Face à ce projet, le réalisateur israélien Mohamed Bakri ne cache pas sa satisfaction. « J’espère que cela va se faire », déclare le producteur et réalisateur du film « Jénine Jénine » (2002), contacté par Guysen. Arabe, il considère « évident » que la censure des films israéliens soit « un outil de discrimination à l’égard des Arabes israéliens ». Son film documentaire avait défrayé la chronique pour avoir représenté des massacres de palestiniens par l’armée israélienne dans le camp de réfugiés de Jénine. Finalement, la Cour Suprême a cassé  en octobre 2004 la décision de censure du film, arguant que « le fait de ne pas montrer es deux point de vue d’une même histoire » ne constituait pas une base suffisante pour censurer un film, fût-il « de propagande ».

Une victoire que Mohamed Bakri ne savoure pas. « Je suis aujourd’hui encore boycotté par les cinémas », se plaint-il, désignant sans hésiter « des instructions politiques venues d’en haut ».

La décision de la Cour Suprême rappelle que la censure en Israël demeure encadrée par la Justice. Une particularité propre à un Etat de droit qui fait encore figure d’exception dans la région.

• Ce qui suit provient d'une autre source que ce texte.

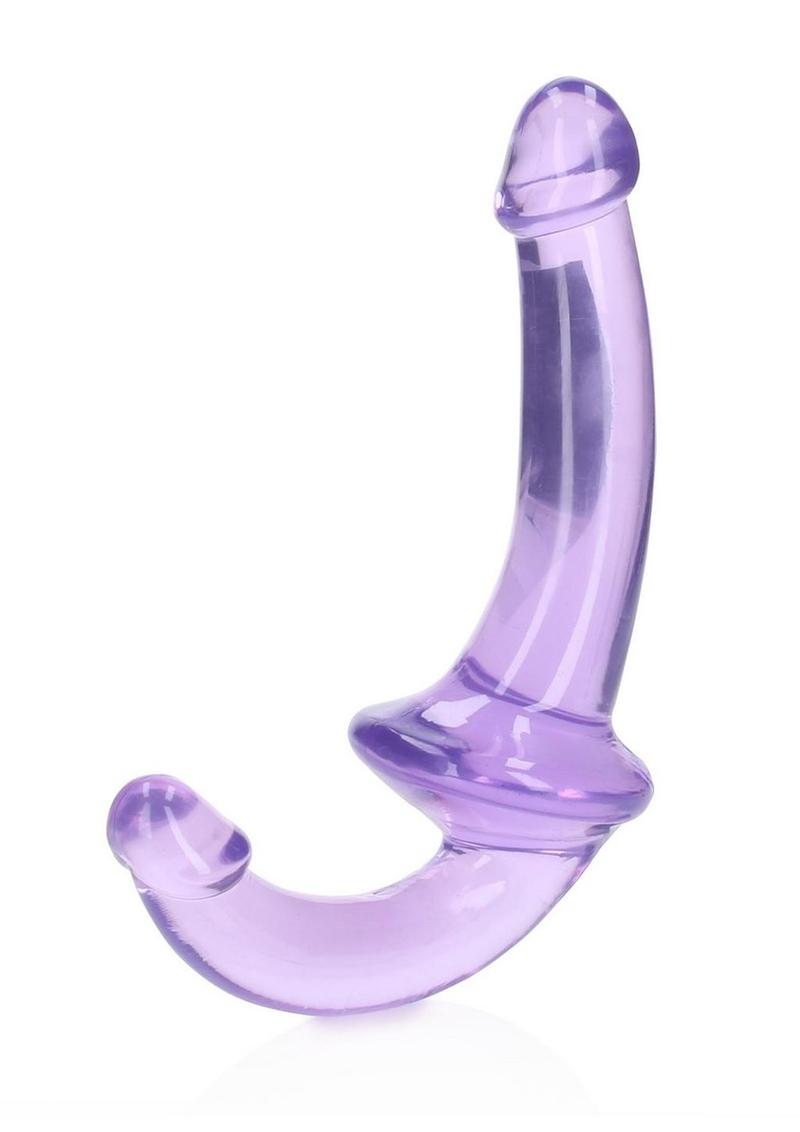 Realrock Crystal Clear Strapless Strap-On 6 - Clear/Purple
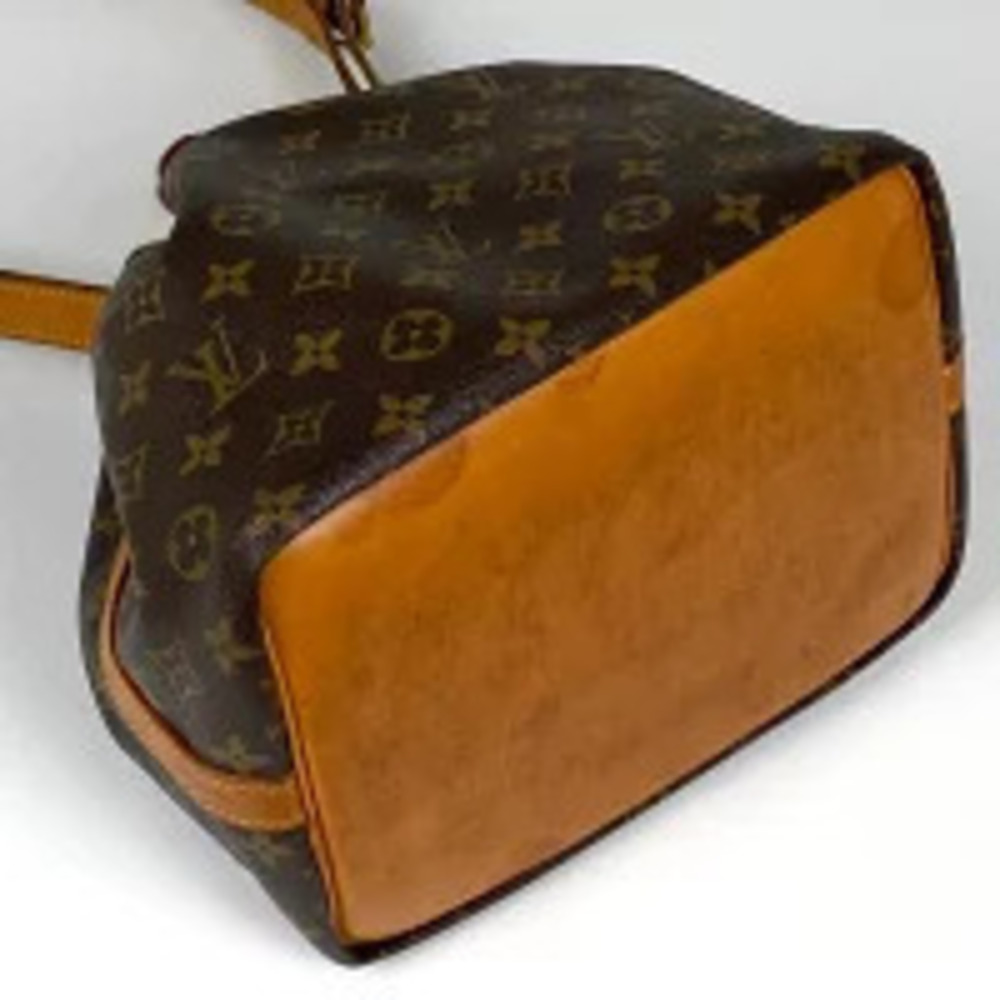 Louis Vuitton Hobo Drawstring Bag Monogram Brown Shoulder Noe Brown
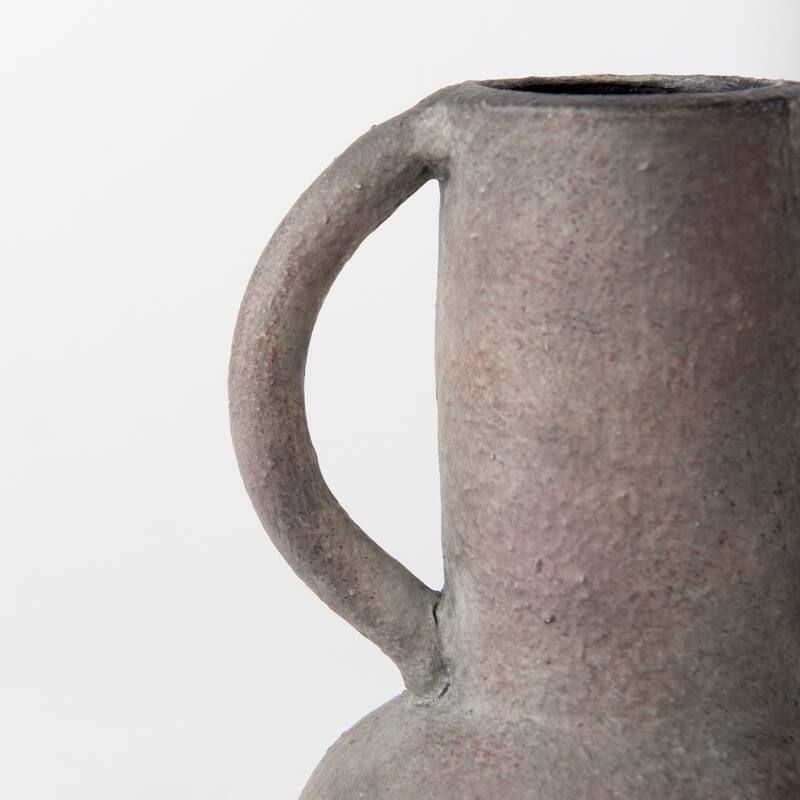 Armani Brown And Gray Ceramic Vase (7")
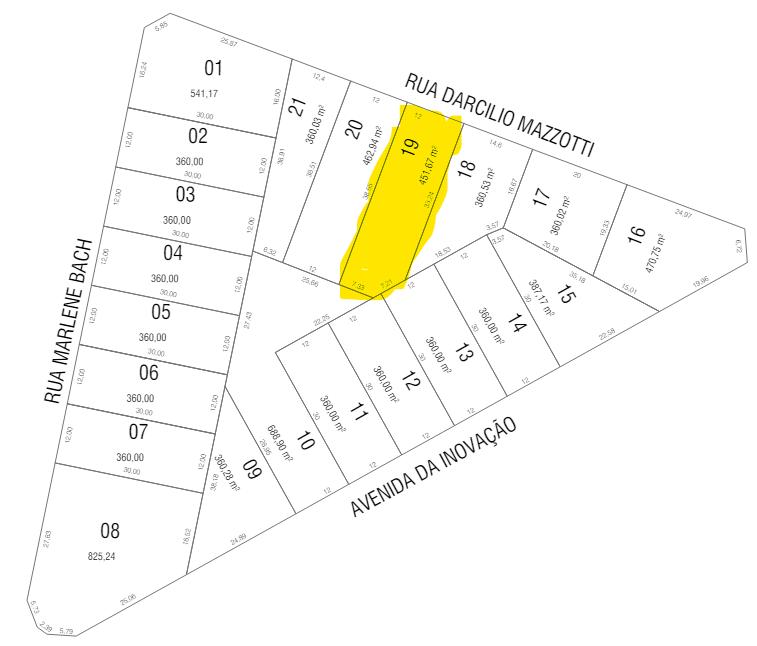 Lote à venda no bairro São Luiz próximo ao Shopping em Pato Br...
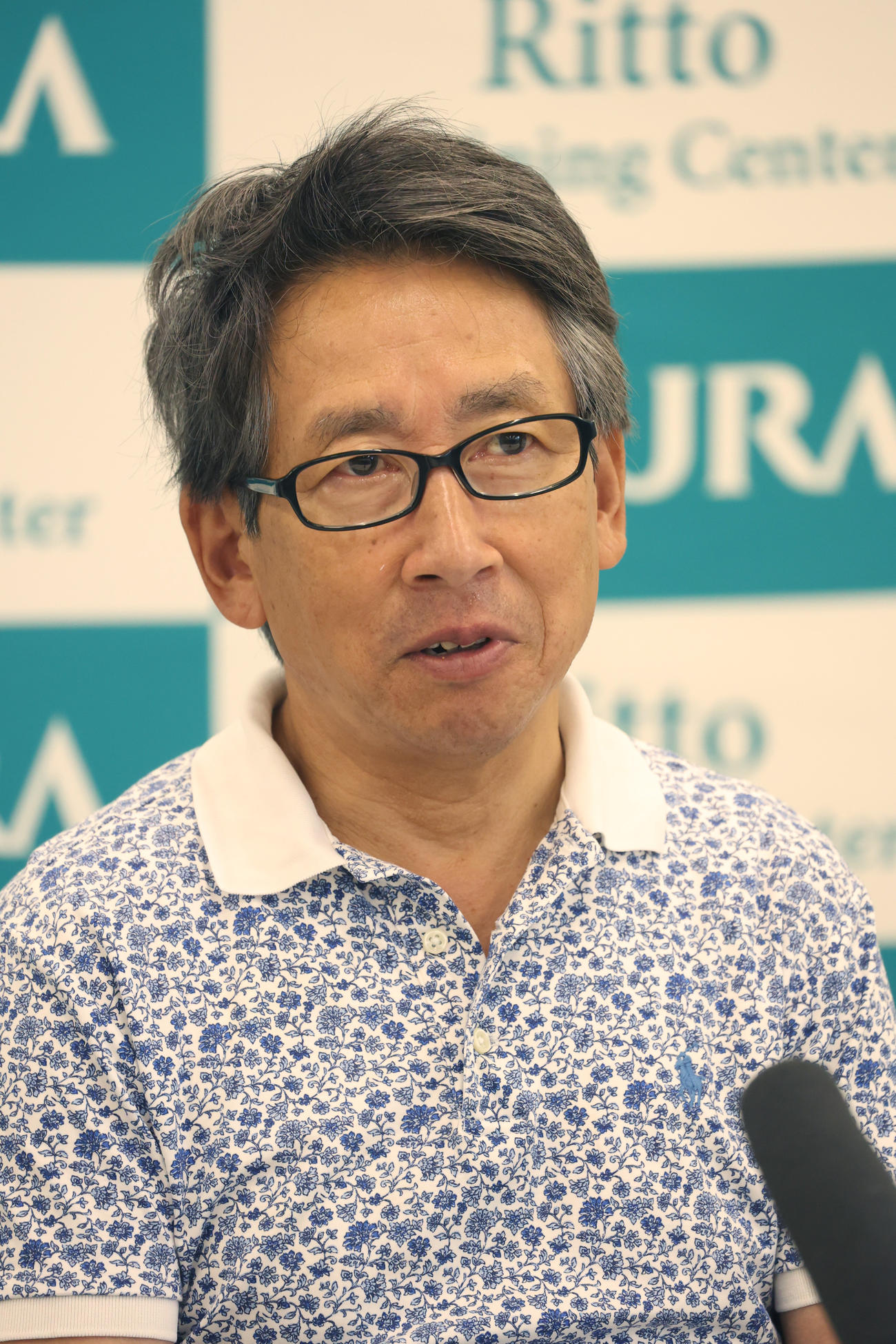 安田隆行調教師（2023年9月撮影）
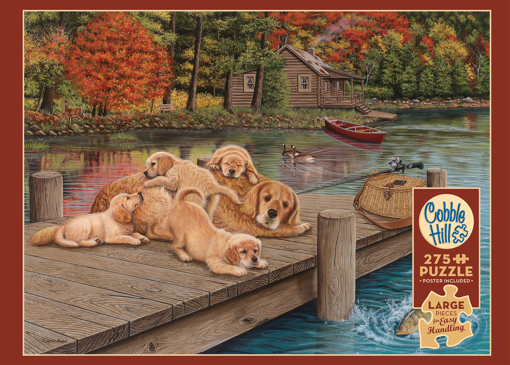 Picture of COBBLE HILL PUZZLE 275PC - EASY HANDLING - LAZY DAY ON THE DOCK 88004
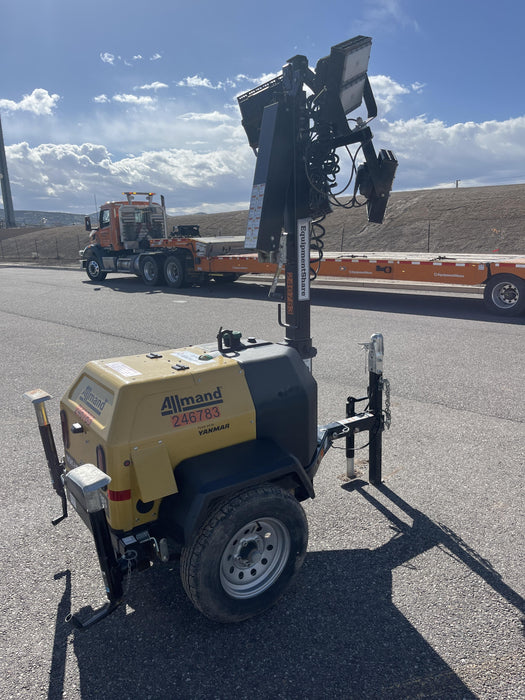 2022 Allmand NLV3GR (4) LED Light Fixture 350W, 23' Vertical Mast, 3kW Prime, Towable, ES Decals, T3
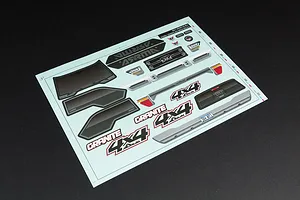 ARRMA 1/10 GRANITE 4x4 Clear Unpainted Body Shell w/ Decal image 47539
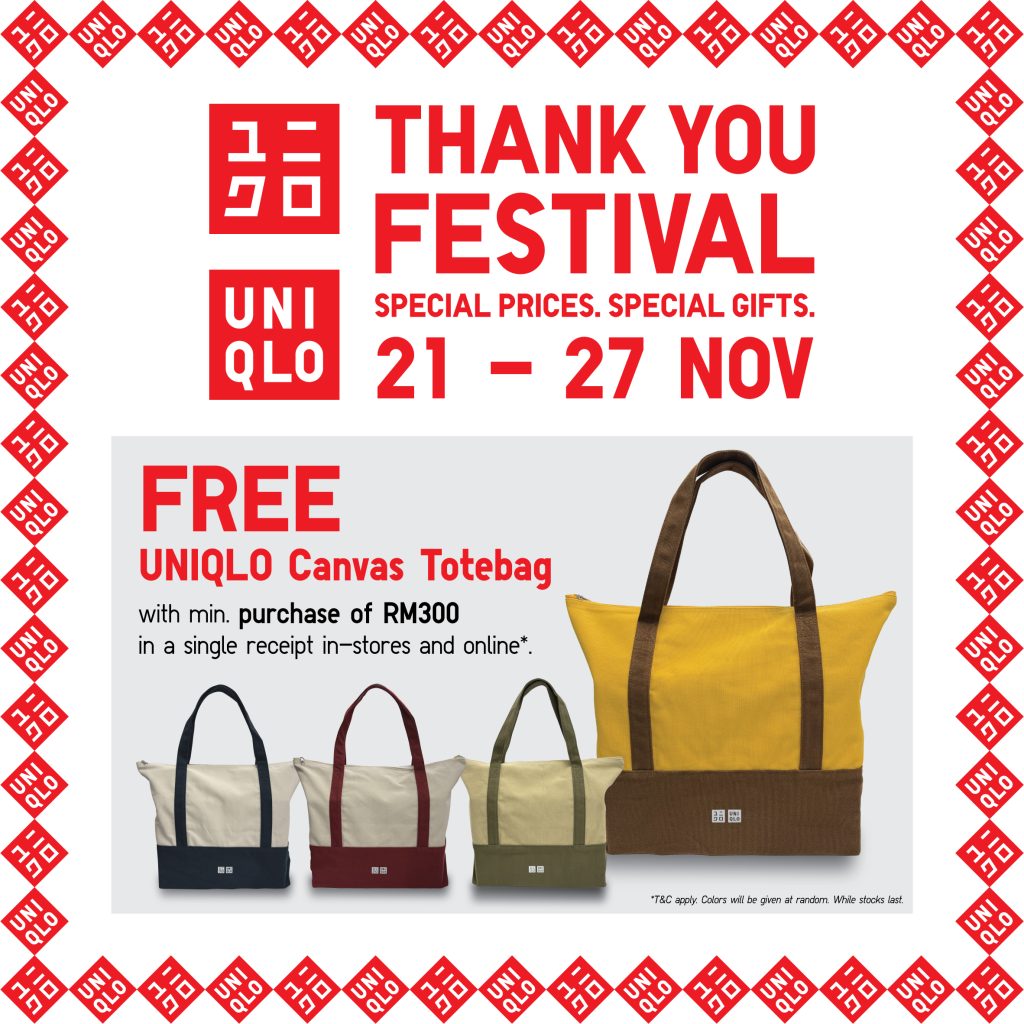 uniqlo malaysia thank you festival 2025 novelty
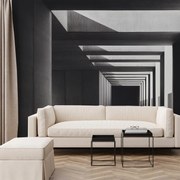 Fototapeta - Štvorcový tunel (147x102 cm)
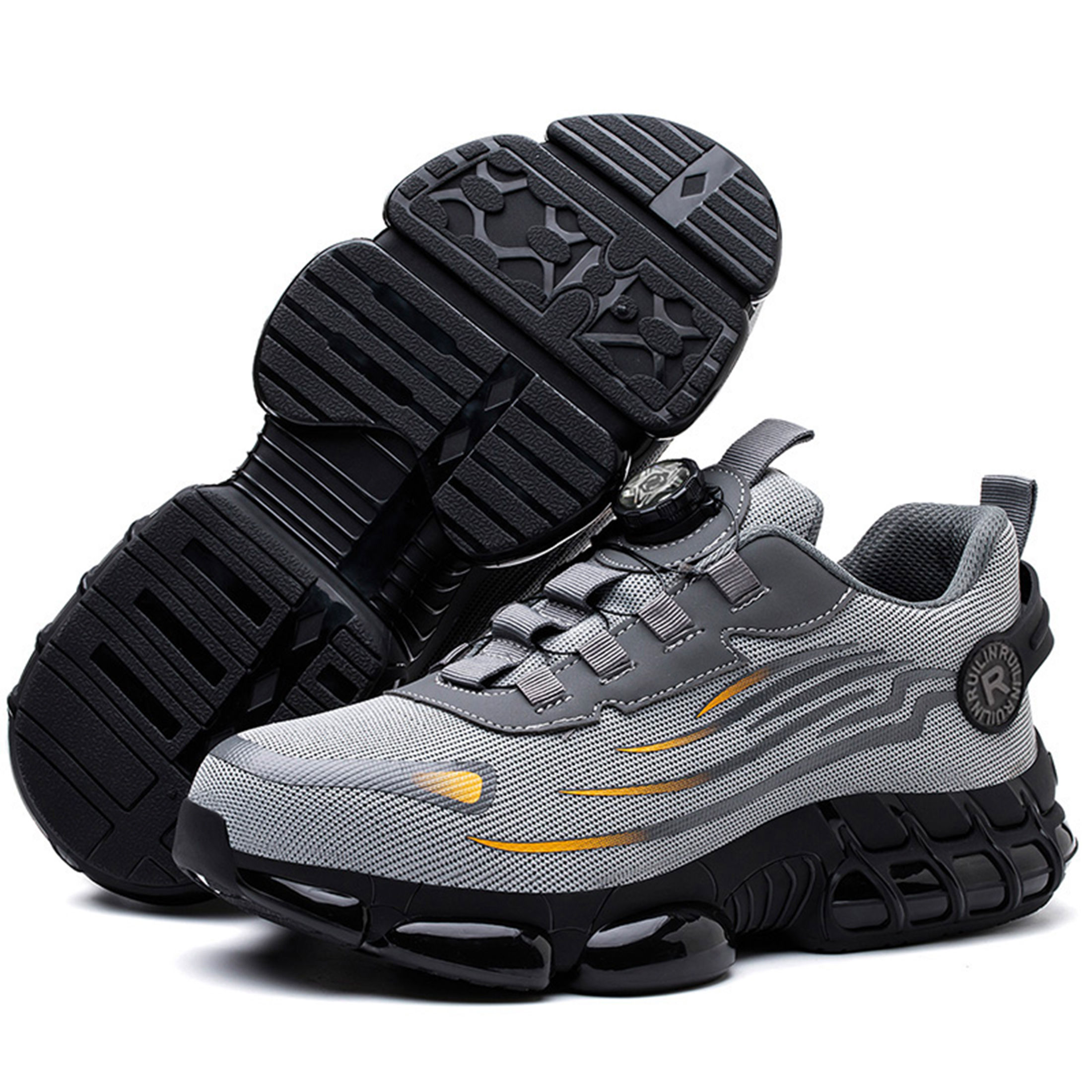 Indestructible Steel Toe Protective Safety Shoes Slip Resistant Abrasion Resista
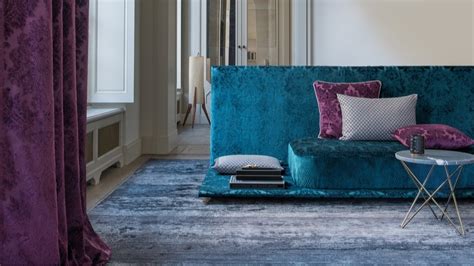 Using purple and blue in your interior design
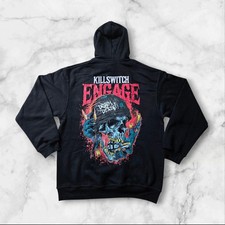 Herren Hoodie Killswitch Engage Metalcore Merchandise Schwarz Gr. M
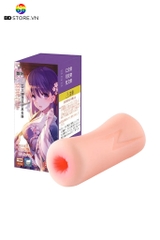 BDT2319 - Âm đạo hậu môn và miệng giả silicon mềm dài 12cm
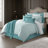 Harlow Stripe Duvet Cover & 2 Shams Set Super King-120848824
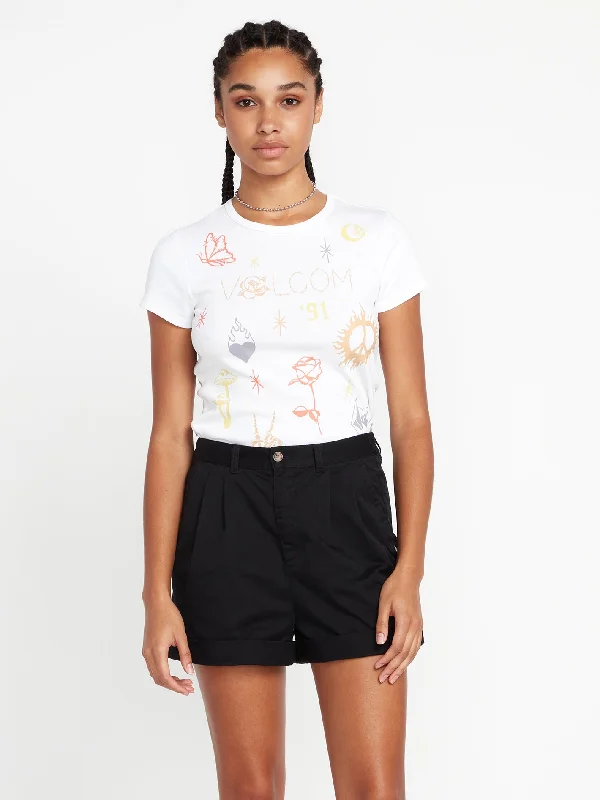 Frochickie Trouser Shorts - Black Trousers Office Stylish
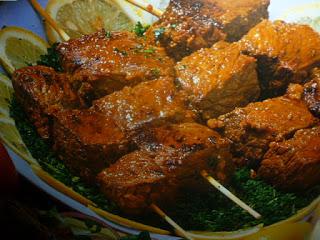 cucina egiziana - shish kebab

Le 16 février dernier, au Liban, le film « Help » s’est vu retiré son autorisation dûment obtenue en juillet 2008, trois jours seulement avant sa sortie en salle. Une décision que ne comprend pas son réalisateur, Marc Abi-Rached, qui y voit une interdiction prise « non pas sur la base de quoi que ce soit de légal, mais sur des éléments d’opinion personnelle », interrogé par Guysen.

« C’est la première fois dans l’histoire du cinéma libanais qu’une licence est accordée puis ensuite révoquée », dénonce le réalisateur. Le film, qui traite de l’homosexualité et de la prostitution, est clairement censuré pour son auteur « pour des raisons morales », mais « la censure politique existe aussi ».

Le film français « Persépolis » (2007) co-réalisé par la Franco-iranienne Marjane Satrapi et le Français Vincent Paronnaud avait ainsi été interdit au Liban, dans un geste manifestement destiné à ménager la communauté chiite libanaise, de même que le film américain « Syriana » (2005), dans lequel apparaissent des terroristes membres du Hezbollah, d’obédience chiite.

En Egypte, la censure cinématographique est « inexistante », selon Achraf Nehad, journaliste et critique de film à Al-Ahram, répondant à Guysen. Le journaliste du quotidien proche du pouvoir dresse le portrait d’une Egypte débarrassée de toute forme de censure, « à l’exception du président Hosni Moubarak, que l’on n’a pas le droit de représenter dans les films », concède-t-il.

L’exclusion du film « Whatever Lola wants » (réalisé par le Marocain Nabil Ayouch, 2008) du festival international de cinéma d’Alexandrie serait « différente » d’un cas de censure, selon Achraf Nehad. « Ce film montrait un visage détestable de l’Egypte, injuste… Cette décision n’a rien de politique », argumente-t-il.

« Il n’y a aucune ligne rouge à ne pas transgresser dans le cinéma égyptien», assure-t-il. Le film « L’immeuble Yacoubian » (2006) réalisé par Marouane Ahmed et adapté du roman à succès de l’écrivain Alaa El Aswany a lui échappé de peu à la censure. « Il parlait d’homosexualité », justifie une nouvelle fois Achraf Nehad.

Dans ce contexte, le Moyen-Orient témoigne d’un fort attachement à certaines lignes rouges qui ne sauraient être trangressées. Israël, s’il adopte la réforme appelée de ses vœux par Limor Livnat, manifesterait son attachement aux standards des pays occidentaux et se démarquerait de ses voisins.

Il n’en demeure pas moins que la proposition de la ministre israélienne épargne le droit de censure exercé par l’armée en Israël, lequel demeure intraitable en ce qui concerne certaines questions stratégiques, comme l’évocation de la bombe nucléaire israélienne.

La question de la censure du cinéma témoigne de la position particulière d’Israël, pays balançant entre l’Occident lointain et le Moyen-Orient voisin.